The final piece is the Incoterm, which decides who pays and who is liable. Under DDP the sender pays duties and taxes, so the recipient gets a clean delivery with no surprise bill. Under DAP the recipient is invoiced by the carrier before release, which is how a thank-you gift turns into an awkward customs charge for an employee. For merch and gifting, DDP is almost always the right call. See Incoterms and DDP for the detail.

Volume also changes the maths. Below de minimis thresholds some countries waive duty, above them everything is dutiable. Consolidating one bulk shipment into a destination country and distributing locally is usually far cheaper than 300 individual cross-border parcels, and it clears customs once instead of 300 times.

International shipping in branded merch

  1. Global onboarding kits. New hires in ten countries need the same welcome pack in week one. Regional stock plus local fulfilment beats shipping every kit from a single warehouse, both on speed and on landed cost.
  2. Event and conference shipments. Booth merch crossing a border needs to arrive days before the doors open, with a buffer for customs. A missed clearance window means an empty booth, not a late delivery.
  3. Client gifting across markets. A gift that arrives with a duty invoice attached defeats the purpose. Ship DDP, pre-pay taxes and keep the recipient experience clean.
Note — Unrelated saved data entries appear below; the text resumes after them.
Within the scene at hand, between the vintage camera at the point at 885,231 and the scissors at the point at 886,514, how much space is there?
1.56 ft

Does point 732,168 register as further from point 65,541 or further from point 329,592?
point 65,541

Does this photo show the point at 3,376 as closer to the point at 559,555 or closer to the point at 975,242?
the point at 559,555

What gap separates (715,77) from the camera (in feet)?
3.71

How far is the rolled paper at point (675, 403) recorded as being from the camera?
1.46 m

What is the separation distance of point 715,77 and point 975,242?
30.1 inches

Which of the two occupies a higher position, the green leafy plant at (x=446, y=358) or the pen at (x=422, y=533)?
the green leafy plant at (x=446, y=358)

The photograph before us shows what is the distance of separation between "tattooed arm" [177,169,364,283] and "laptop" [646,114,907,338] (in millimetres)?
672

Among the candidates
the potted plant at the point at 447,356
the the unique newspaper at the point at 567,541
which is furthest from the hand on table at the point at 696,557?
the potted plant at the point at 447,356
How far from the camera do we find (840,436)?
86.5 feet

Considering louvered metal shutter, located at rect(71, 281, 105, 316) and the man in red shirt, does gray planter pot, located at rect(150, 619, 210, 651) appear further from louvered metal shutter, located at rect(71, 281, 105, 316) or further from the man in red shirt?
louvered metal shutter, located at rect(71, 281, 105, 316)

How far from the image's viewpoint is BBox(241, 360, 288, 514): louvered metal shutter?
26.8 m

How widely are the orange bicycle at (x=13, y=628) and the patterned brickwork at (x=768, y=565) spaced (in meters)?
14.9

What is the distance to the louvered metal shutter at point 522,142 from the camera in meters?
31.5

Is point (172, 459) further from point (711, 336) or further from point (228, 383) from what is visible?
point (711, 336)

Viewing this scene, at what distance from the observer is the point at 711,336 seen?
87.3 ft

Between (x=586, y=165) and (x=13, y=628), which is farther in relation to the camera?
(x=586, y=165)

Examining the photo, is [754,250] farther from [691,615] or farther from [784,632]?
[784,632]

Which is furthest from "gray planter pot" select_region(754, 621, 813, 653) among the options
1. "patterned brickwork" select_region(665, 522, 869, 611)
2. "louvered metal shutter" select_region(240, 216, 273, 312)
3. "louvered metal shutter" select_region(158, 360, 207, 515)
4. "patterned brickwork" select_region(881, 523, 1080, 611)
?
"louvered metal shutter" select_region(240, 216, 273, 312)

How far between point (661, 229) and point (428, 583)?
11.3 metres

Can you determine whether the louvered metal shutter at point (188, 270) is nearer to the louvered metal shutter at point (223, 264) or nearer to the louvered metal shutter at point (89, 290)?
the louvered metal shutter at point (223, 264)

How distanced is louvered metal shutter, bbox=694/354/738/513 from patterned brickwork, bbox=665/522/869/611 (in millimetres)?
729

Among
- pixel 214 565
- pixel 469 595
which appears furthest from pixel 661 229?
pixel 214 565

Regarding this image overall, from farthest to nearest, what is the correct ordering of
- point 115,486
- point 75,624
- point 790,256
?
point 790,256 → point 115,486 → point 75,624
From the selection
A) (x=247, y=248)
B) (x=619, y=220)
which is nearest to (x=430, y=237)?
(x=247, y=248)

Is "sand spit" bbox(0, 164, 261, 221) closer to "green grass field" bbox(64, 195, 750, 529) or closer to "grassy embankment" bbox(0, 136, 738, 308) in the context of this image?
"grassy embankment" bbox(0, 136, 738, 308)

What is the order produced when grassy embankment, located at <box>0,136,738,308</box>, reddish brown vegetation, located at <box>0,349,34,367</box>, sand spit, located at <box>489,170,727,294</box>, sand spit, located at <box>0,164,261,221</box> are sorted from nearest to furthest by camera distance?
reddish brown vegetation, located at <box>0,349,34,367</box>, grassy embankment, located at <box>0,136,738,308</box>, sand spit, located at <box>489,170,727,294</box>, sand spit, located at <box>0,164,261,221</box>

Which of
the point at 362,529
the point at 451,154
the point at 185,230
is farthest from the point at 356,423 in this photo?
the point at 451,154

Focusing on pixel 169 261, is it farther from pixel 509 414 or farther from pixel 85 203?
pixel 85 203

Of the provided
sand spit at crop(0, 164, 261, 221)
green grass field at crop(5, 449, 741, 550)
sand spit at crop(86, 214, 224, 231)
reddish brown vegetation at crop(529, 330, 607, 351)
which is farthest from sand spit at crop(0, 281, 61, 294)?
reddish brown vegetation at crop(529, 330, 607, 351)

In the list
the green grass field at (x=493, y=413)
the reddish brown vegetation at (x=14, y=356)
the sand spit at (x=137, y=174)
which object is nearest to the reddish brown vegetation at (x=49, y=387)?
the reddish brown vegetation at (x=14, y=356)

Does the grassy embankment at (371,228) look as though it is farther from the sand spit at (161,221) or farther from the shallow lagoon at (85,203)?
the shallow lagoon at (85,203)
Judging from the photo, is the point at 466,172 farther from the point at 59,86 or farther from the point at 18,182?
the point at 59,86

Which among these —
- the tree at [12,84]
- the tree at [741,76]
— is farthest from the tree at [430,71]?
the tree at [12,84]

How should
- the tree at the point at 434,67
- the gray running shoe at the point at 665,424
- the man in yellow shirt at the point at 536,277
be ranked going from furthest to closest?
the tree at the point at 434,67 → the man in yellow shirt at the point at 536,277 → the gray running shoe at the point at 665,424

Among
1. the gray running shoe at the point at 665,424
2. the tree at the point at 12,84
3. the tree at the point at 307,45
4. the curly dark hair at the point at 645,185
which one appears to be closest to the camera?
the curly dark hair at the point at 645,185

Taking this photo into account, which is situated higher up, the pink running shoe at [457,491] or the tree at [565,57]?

International shipping is the cross-border transport of goods, covering export documentation, customs clearance, import duties and taxes, and final delivery to the recipient.

5 tips to elevate your International shipping strategy

TipSteps
Always ship DDP for giftingPre-pay duties and taxes so no recipient is ever asked to pay for their own gift.
Confirm HS codes earlyClassify apparel, drinkware and electronics correctly before production, since the code drives the duty rate.
Build a customs bufferAdd five to seven working days to any deadline that involves a border, and more around peak season.
Consolidate then distributeSend one bulk shipment per region and fulfil locally instead of sending hundreds of individual cross-border parcels.
Watch restricted goodsCheck batteries, aerosols and liquids before you choose the product, since many are restricted by air.

Key Terminologies

Incoterms - standard trade rules that define who pays and who is liable at each stage of a shipment.
DDP - delivered duty paid, where the sender covers all duties and import taxes.
Customs clearance - the process of getting goods approved by authorities to enter a country.
HS code - an international product classification code that determines the import duty rate.
Lead time - the total time from order to delivery, including production and transit.
Fulfilment - picking, packing and shipping orders from a warehouse to recipients.

Frequently Asked Questions

How long does international shipping take?

Express air freight typically takes two to five working days between major markets. Standard air runs five to ten working days, and sea freight takes four to eight weeks. Customs clearance can add a few days on top.

Who pays customs duties on an international shipment?

It depends on the Incoterm. Under DDP the sender pays all duties and import taxes. Under DAP the recipient is billed by the carrier before the parcel is released.

Why is my international shipment stuck in customs?

The most common causes are an incomplete commercial invoice, a wrong or missing HS code, an undervalued declaration, or a restricted item such as a lithium battery. Correct paperwork prevents almost all delays.

Is it cheaper to ship one bulk order or many individual parcels?

One bulk shipment into a destination country is almost always cheaper. You pay a single customs clearance and a lower per-unit freight rate, then distribute locally at domestic rates.

Can I ship branded merch with batteries internationally?

Yes, but items with lithium batteries such as power banks and speakers are classed as dangerous goods. They need specific packaging, labelling and carrier approval, and some routes will not accept them by air.